Virgil Exner was a pioneer at Chrysler. He worked in Chrysler’s Advanced Styling Group, developed lower, sleeker, and more aggressive-looking automobiles for Chrysler in the 1950s. Exner also wanted maximum all-around visibility from the car’s interior and he took the design of the Norseman to the limit. The dream car was named for Exner’s ancestry.

The Norseman was designed by the Chrysler Corporation Engineering Division and built by Ghia of Turin, Italy. Ghia had experience in the construction of low-volume vehicles and one-off prototypes. Chrysler wanted a fully drivable vehicle, not just a rolling mockup, so all normal systems for the powertrain, braking, suspension, were installed. Power was from a modified 331 cu in (5.4 L) Chrysler Hemi engine producing 235 hp (175 kW; 238 PS) with a pushbutton-controlled Powerflite automatic transmission. The body panels on the car were made of aluminum with “a sharply sloping hood, upswept tail fins and a covered, smooth underbody for aerodynamic efficiency. The Norseman combined a sweeping fastback rear end design and Chrysler’s own take on a tailfin and bumper treatment.”

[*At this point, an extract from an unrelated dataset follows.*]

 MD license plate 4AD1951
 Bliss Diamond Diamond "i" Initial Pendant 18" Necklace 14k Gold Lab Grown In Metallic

More difficult to fabricate was its unusual cantilevered roof, which was secured to the body only at the rear C Pillars. There were no side pillars, and at the front the roof rested only lightly on a fully frameless windshield. An advanced 12 square foot power sliding glass panel sunroof feature was difficult to integrate into a slender roof structure lacking A-pillar support at the front. The windshield and roof glass was specially made by PPG Industries to provide strength and be shatterproof. The door glass was ventless (having no small vent window at the front), a styling theme that would become popular some fifteen years later. The interior featured four bucket seats and the retractable reel-type seatbelts were mounted in the door and fastened across the occupants to the full-length center console which was later adopted in the early 1990s to satisfy passive restraint regulations enacted by the US Department of Transportation. Other features included concealed automatic headlights, door handles, and concealed trunk lid opening device.

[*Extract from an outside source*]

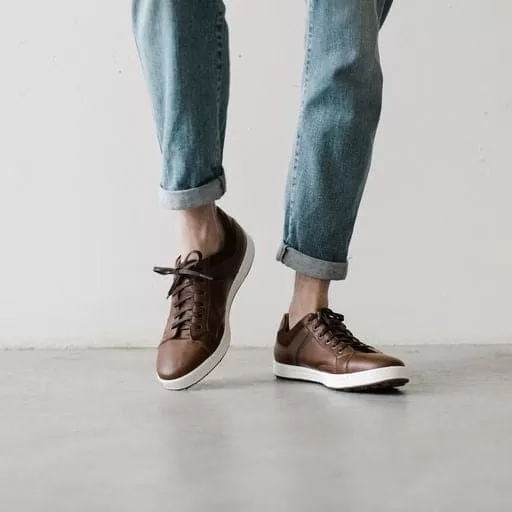 'Ciaran' men's vegan sneaker by Zette Shoes - cognac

Building the complicated car, with its advanced features, took fifteen months and the car was finally delivered. it was estimated to cost US$150,000 (in 1956 dollars). The car missed its intended cargo shipment from Italy and was instead put into a container on the next available ship, the passenger ocean liner SS Andrea Doria

The car was to be a featured attraction of Chrysler’s auto show exhibit for 1957 and was shipped from Turin by Ghia to New York City in July 1956. The car was shipped on the ocean liner SS Andrea Doria, which was involved in a collision off the coast of Massachusetts and sank, with the loss of fifty-one lives and all cargo.

The beautiful, one-of-a-kind automobile was a “fascinating casualty” of the sinking of the Andrea DoriaAs a result, the car was never shown to the public and was never seen by most of the stylists who worked on it. It is known to automotive historians, however, through photographs and specifications. Chrysler never used the cantilevered roof design in any subsequent vehicle.

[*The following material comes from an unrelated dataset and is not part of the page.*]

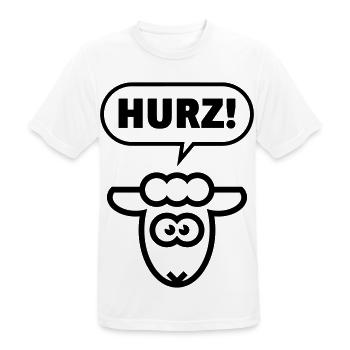 Hurz! (Lamm / Sketch / Lustig / Total Normal / B) - Männer T-Shirt atmungsaktiv - Weiß - Vorne - AI Model Male 185 dark (185cm)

Automotive designer Dick Teague, who worked for Chrysler as a stylist during the mid-1950s, was responsible for many of American Motors’ vehicles and the “Norseman’s resemblance to the 1965 Rambler Marlin fastback coupe, or vice versa, was uncanny.”

The remains of the Norseman were found in Andrea Doria’s number two cargo hold in 1994 by diver David Bright. By the time it was found, it had disintegrated into a pile of debris with only the wheels still being recognizable.